Introduction: Humans have a need to belong a group to survive. For this reason, people have enhanced cognitive abilities to detect cues about rejection. Thus, rejection from our group is a threatening situation like feeling personal uncertainty. According to temporal need threat model, ostracism may lead to personal uncertainty and situational ambiguity. Since being ostracized threatens people’s need to understand their world and to control how they should behave, it confronts people with personal uncertainty. According to our knowledge, there is no experiment providing a direct empirical evidence of this proposition about the role of uncertainty in ostracism. Thus, the goal of the present study was to assess the accessibility of uncertainty-related thoughts following ostracism manipulation.


Methods: Participants played Cyberball game in order to manipulate ostracism and then after/before the game they completed a distracter task. Next, all participants completed the lexical decision task, which was used to measure the accessibility of uncertainty-related thoughts.


Results: The results of this study revealed that ostracized participants reacted faster to uncertainty-related words than to abstract words.
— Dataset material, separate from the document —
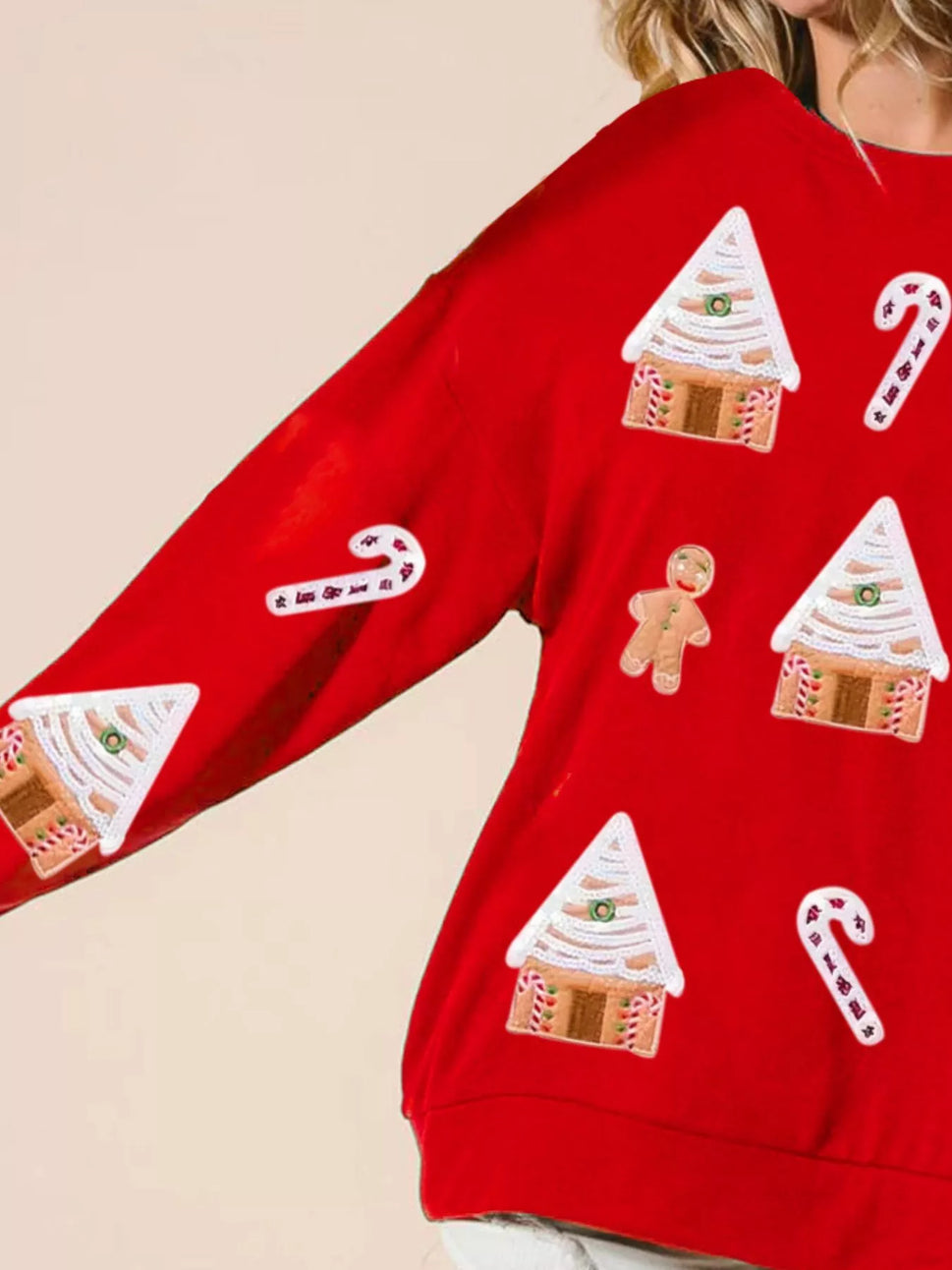 Christmas Gingerbread House Sequin Sweatshirt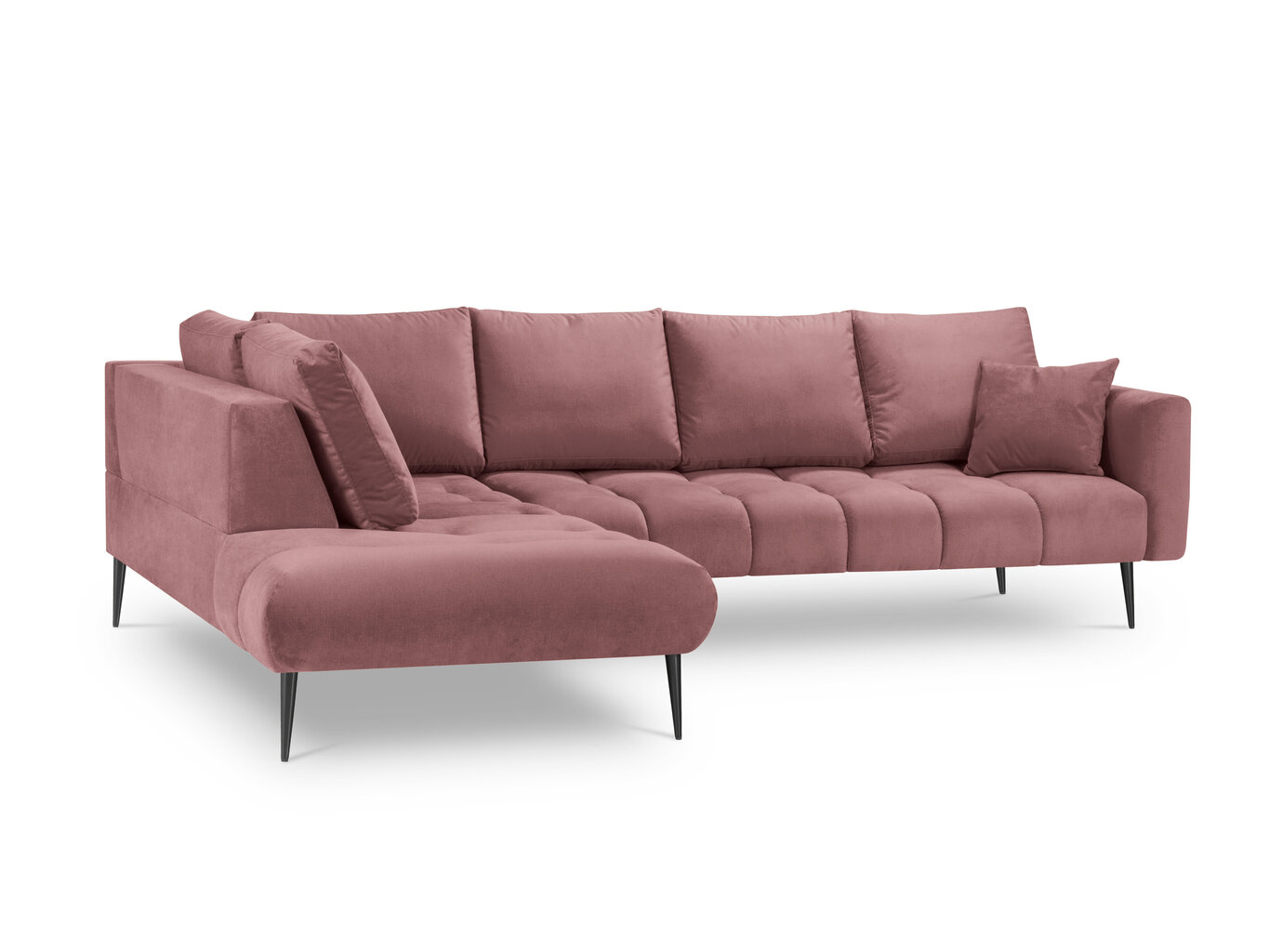 Stūra dīvāns Interieurs 86 Octave, rozā/melns cena un informācija | Stūra dīvāni | 220.lv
As expected, we did not find any significant difference between uncertainty-related and abstract response latencies in the inclusion condition.



Conclusion: Based on these results we might conclude that being ostracized leads to an increase in uncertainty accessibility. If this interpretation is correct this would suggest that our findings provide an empirical support for the proposition by temporal need threat model that uncertainty concerns may be a key antecedent of reactions to being ostracized.